Odysseus tied to a post—this is perhaps the most paradigmatic and primal scene of the limits of listening, or more precisely, of trying to listen past one’s limits. So cleverly restrained, Odysseus tries to know what should kill him. Literature—that is, fiction—takes shape via Odysseus’s trickery: The song can be heard, but Odysseus’s bindings foreclose from the start the fulfilment of the desire it opens up. Out of Odysseus’s crude hunger for an experience he should not be able to live with, aesthetic distance is born—that boundary, which makes it possible to encounter the truth without disappearing into it.

Listening is frightening if it feels as though that distance, which Odysseus maniacally policed, might not hold. In such a case, the listener disappears, and listening ends. But listening might never begin if the terms are decided in advance, and not by consensus.

If Odysseus, lashed above the water, listening without thus succumbing to dissolution, is a figure for one type of aesthetic experience, modern psychology, plunging in, gives us another model. In 1954, neuropsychiatrist John C. Lilly developed the isolation tank in order to experiment with the effects of sensory deprivation on human consciousness. In the isolation tank one floats surrounded in salt water at body temperature, in blankness and in silence. Here, one hears their own blood pumping, breath blowing: the sound of the body which one is, it’s finitude. But here also is a kind of transcendence of limits. The edges of the body start to shimmer and one begins to hear things, to sense things that weren’t there before: Are they hallucinations? Are they something else, something hitherto imperceptible? Here we see an attempt to break apart the boundaries of the self, in a way that attracted artists of the 1950s and 60s interested in merging art and life, heedlessly listening to the song of the sirens, breaking the space between work and audience, listener and listened to.

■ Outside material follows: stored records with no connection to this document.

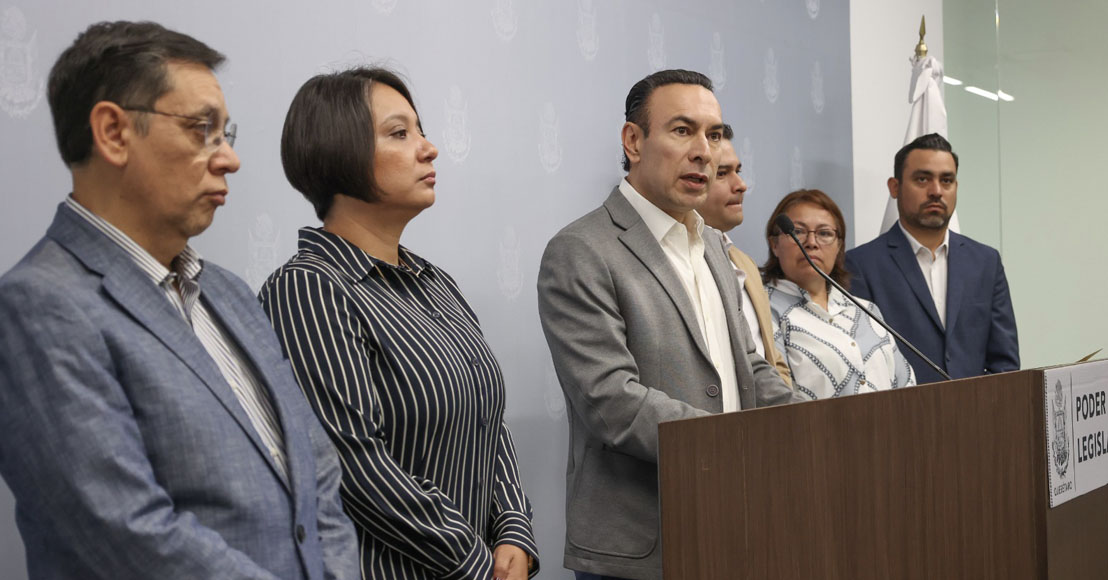 Querétaro: Morena rechaza validar proceso de designación de nuevo fiscal anticorrupción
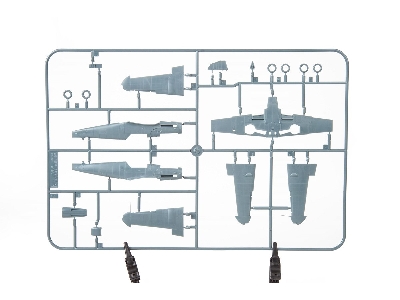 GUSTAV pt.  2 DUAL COMBO 1/72 - zdjęcie 18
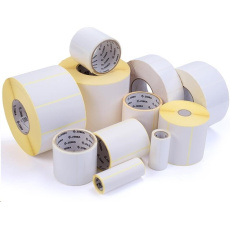 Zebra Z-Perform 1000T, label roll, normal paper, 65x25mm Zebra Z-Perform 1000T, label roll, normal paper, 65x25mm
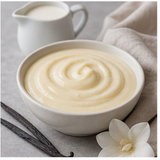 Creamy notes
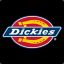 Dickies-]X[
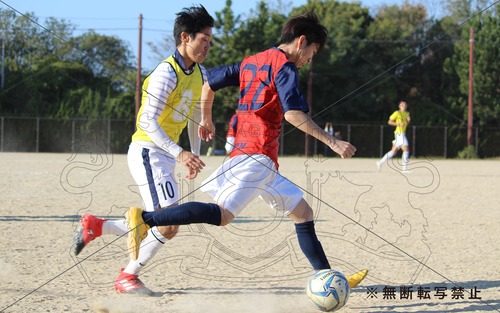 2017AWリーグC第25戦 Inter Fukuoka vs TRIUMPH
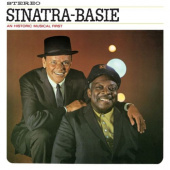 FRANK SINATRA — An Historic Musical First (LP)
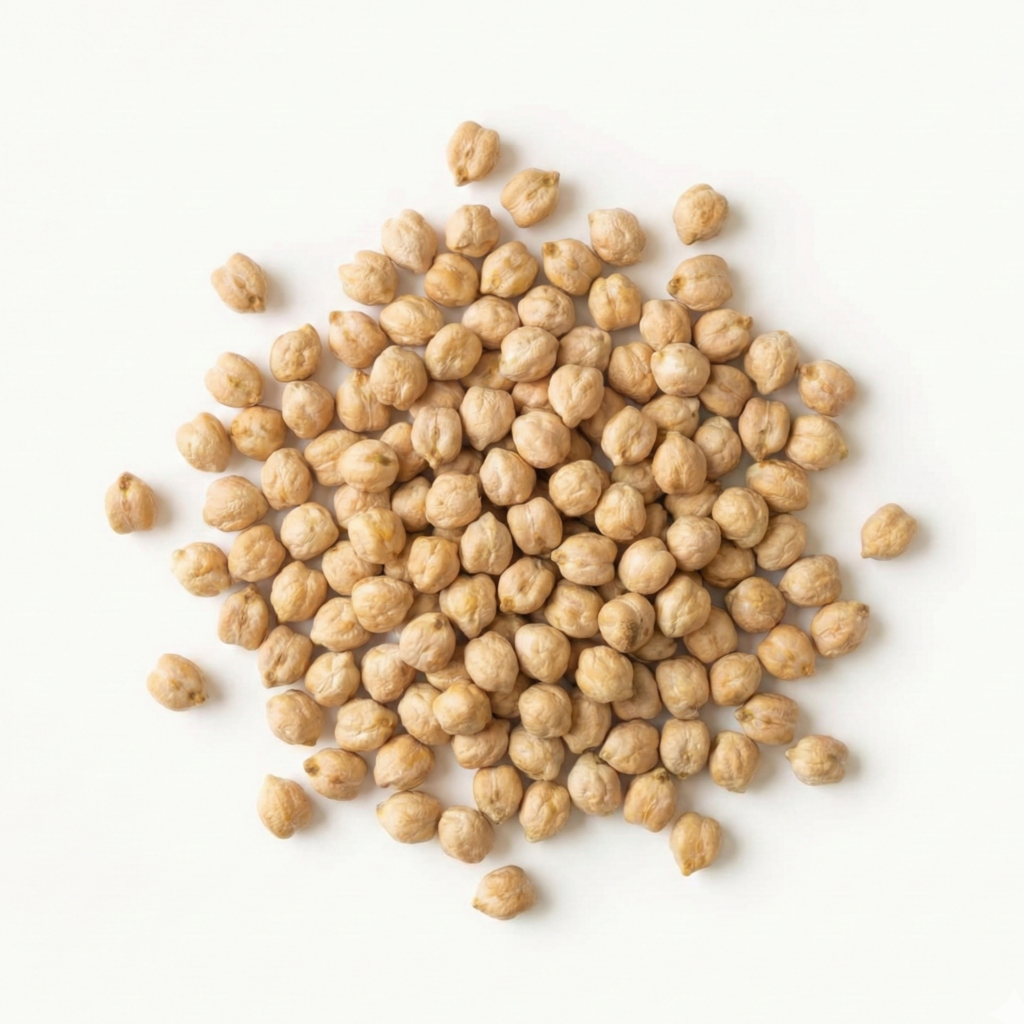 BIO Kichererbsen 9 BIO Kichererbsen – OmVeda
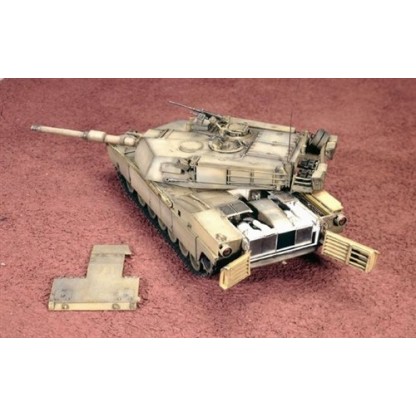 ABRAMS M1 A1 HI - DETAILS KIT 1/35 2
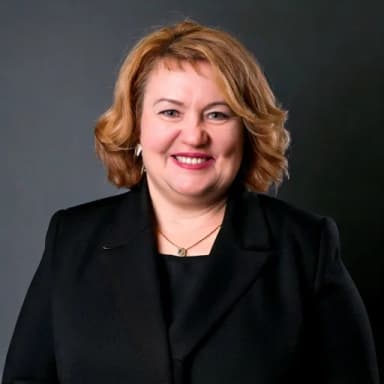 Josephine Smith, ACM manufacturing safety professional using Sevron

Odysseus and Lilly are two strangely proximal instances of the psychedelic optimism that experience and perception can be opened up and extended by subjecting oneself to various constraints. In the afterward to his 1979 book Modern Tragedy the British literary critic Raymond Williams spoke from the other side of this optimism, describing a new social reality devoid of hope, marked by “the slowly settling loss of any acceptable future.” There was certainly plenty to be bummed out about in Thatcher’s Britain, which radiated a no-hope, no-future ideology (TINA, There Is No Alternative) as the pathetic successor to Britain’s imperial legacy. But perhaps if Williams listened a little closer to the stirrings of the 1977 generation, with punk, no-wave, and the invention of the LED screen, he might have heard a different mood reverberating out of this lost future—irony, much more the mark of the comic than the tragic. Maybe there is nothing slow about the loss of the future and maybe, as Lauren Berlant argues, optimism and hope can have a cruel streak that a little ironic distance could challenge.

“There is a direct link between listening and life, perceivable in its absence,” Anna Vitale writes in her essay “The Tenderness Junction.” “What we cannot say and what we cannot hear matter.” We have organized this quarterly into two sections, Limits and Listening. Aside from the alliterative appeal we see in these essays and conversations an important connection between these two themes.

Once a limit is recognized or overcome—say the ability to connect across great distance with satisfying intimacy, or the recognition that that satisfaction is something distance cannot meet—then you are on that precipice of the future that Williams and the 77ers render in their own ways. In his essay on the curious obsession with immortality amongst the tech-capitalist elite, Sam Rowe argues that the possibility of transcendence that death reveals has proved too tantalizing for reformers or men of ambition (and it has been primarily men) across the ages. This issue takes shape around such a desire to stand on both sides of the fence, of life and death, or as Josh Davidson explores, of the secular and the sacred. Another response to this desire might be the sort of irony that Adam Fales finds in listening to David Cohn’s metafictional albums.

Listening is simultaneously a means of transcending limits and of understanding where they lie. When we listen we hear what is beyond us, and the sounds that our actions make as they reverberate. When we listen to other people, we have the opportunity to hear something we didn’t expect, something beyond our perspective. Finbloom and Mashihi experiment with conversation as a form, placing limits as a strategy for saying something else, creating a space for honesty, intimacy, and discovery.

On the other hand, listening is a way of realizing limits, a way of accessing the intractability of the real, beyond fantasies of freedom. In Matt Jakubowski’s critico-fictional book review, reviewer speaks through imagined reviewer, listening to the book while pushing the limits of critical perspective. M. Lynx Qualey’s essay shows how the stories told about the Iraq war limit our perspective—pointing to other stories, the stories where “we” Americans do not speak, do not even necessarily appear as significant, rounded characters, as those in which the reality of the war is most forcefully articulated.

These two aspects of listening to limits are connected. In both cases, listening is about an encounter with the outside, with the other. It involves humility because it involves receptivity. When one listens, one opens oneself to the world.